Mentre Berlino e Merkel contano sulla cooperazione francotedesca, il presidente francese Emmanuel Macron ha altre priorità: nel discorso dell’altra sera tutta l’attenzione era per la linea dura francese nei confronti del terrorismo, con un occhio già alle elezioni presidenziali del 2022. Uno schema che in realtà si ripropone ormai da tempo, con Parigi più determinante sulle questioni securitarie e Berlino più attenta a quelle economiche e umanitarie. Macron ha evocato come partner anche Washington, Londra e persino Mosca, senza però spendere parola sui rapporti con l’Italia.

Italia

Da Roma arrivano per prime le parole dei leader di partito sugli eventi afghani. Enrico Letta dice in un’intervista a La Repubblica che «la democrazia non si può esportare», Matteo Salvini rimprovera Joe Biden per aver fatto un discorso «pessimo» e Matteo Renzi offre un assaggio dei suoi interventi alle conferenze geopolitiche a cui è invitato.

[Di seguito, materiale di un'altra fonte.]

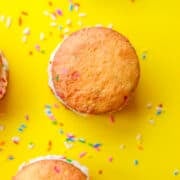 Cake mix whoopie pies with white cream filling and colorful sprinkles are arranged on a bright yellow surface, with extra sprinkles scattered around.
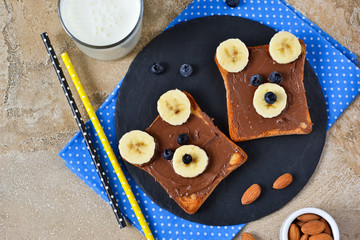 Breakfast for children - toast with chocolate paste, banana and berries. Good morning!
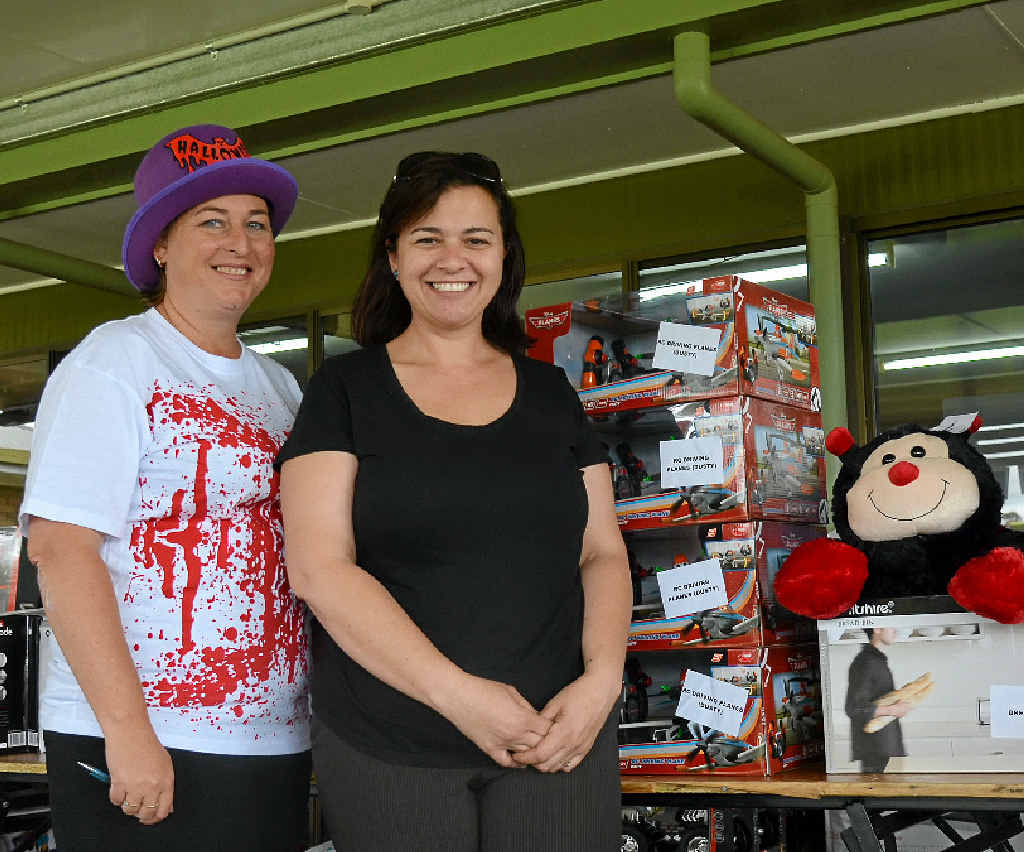 DRIVING CHARITY: Big W staff members Janine Newley and Leonie Mizzi help organise the Golf Day, including plenty of prizes. DRIVING CHARITY: Big W staff members Janine Newley and Leonie Mizzi help organise the Golf Day, including plenty of prizes.
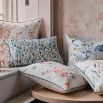 A beautiful, blush-coloured cushion with a floral design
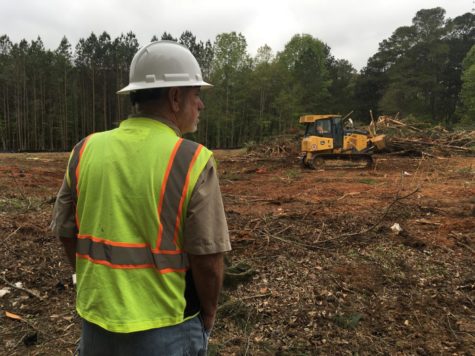 Piedmont Constructions Randall Posey checks progress on clearing land at 3568 Northside Drive for a new senior citizen affordable housing complex. 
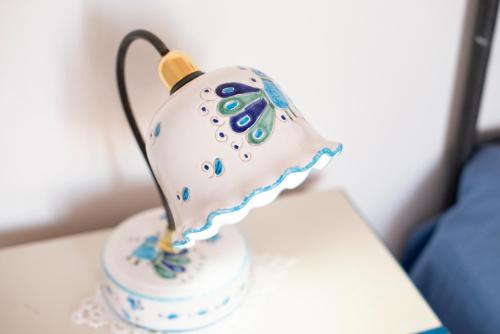 a tea pot with blue and white decorations on a table at Hotel La Casa sul Mare in Procida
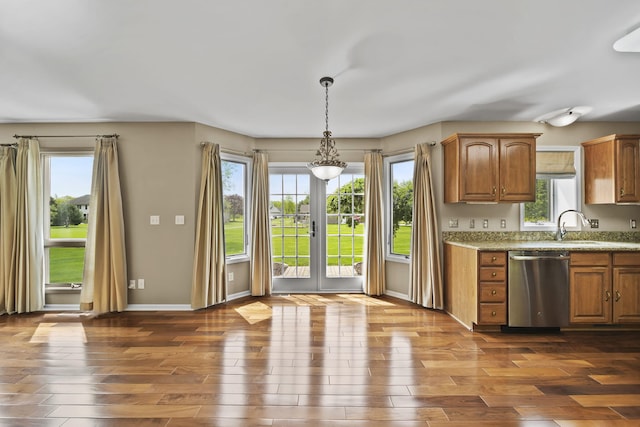 1287 Deer Run, Grass Lake, MI 49240 - kitchen with dishwasher, healthy amount of natural light, brown cabinetry, and dark wood-style floors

Da palazzo Chigi arriva nel pomeriggio la notizia che Mario Draghi ha avuto un colloquio telefonico con Merkel in cui «è stata discussa la protezione umanitaria di quanti hanno collaborato con le istituzioni italiane e tedesche in questi anni e delle categorie più vulnerabili, a partire dalle donne afghane» e «le possibili iniziative da adottare». Per il momento, però, l’unica immagine del governo è quella del ministro degli Esteri Luigi Di Maio in costume che segue la crisi afghana da una spiaggia pugliese.

È vero, un volo italiano ha già portato a Fiumicino la maggior parte del personale italiano e diversi collaboratori afghani, ma non è chiaro come continueranno le operazioni di evacuazione. I ministri di Esteri (M5s) e Difesa (Pd) hanno già escluso i corridoi umanitari perché comportano la legittimazione del nuovo governo afghano, Lorenzo Guerini tra l’altro in netta contraddizione con il suo segretario, che pure li ha chiesti. Intanto però l’audizione dei due ministri in parlamento è in calendario per il 24 agosto e per il momento anche i parlamentari si ritrovano praticamente all’oscuro della linea italiana, che il governo continua a non delineare.

Dopo le elezioni tedesche di settembre, con l’uscita di scena di Angela Merkel, Mario Draghi resterà la personalità europea più riconosciuta ed è a lui che molti guardano come punto di equilibrio. Sul dossier afghano, però, finora ha lasciato agli altri l’iniziativa, nonostante la centralità dell’Italia nella guerra e nelle possibili conseguenze della sua fine.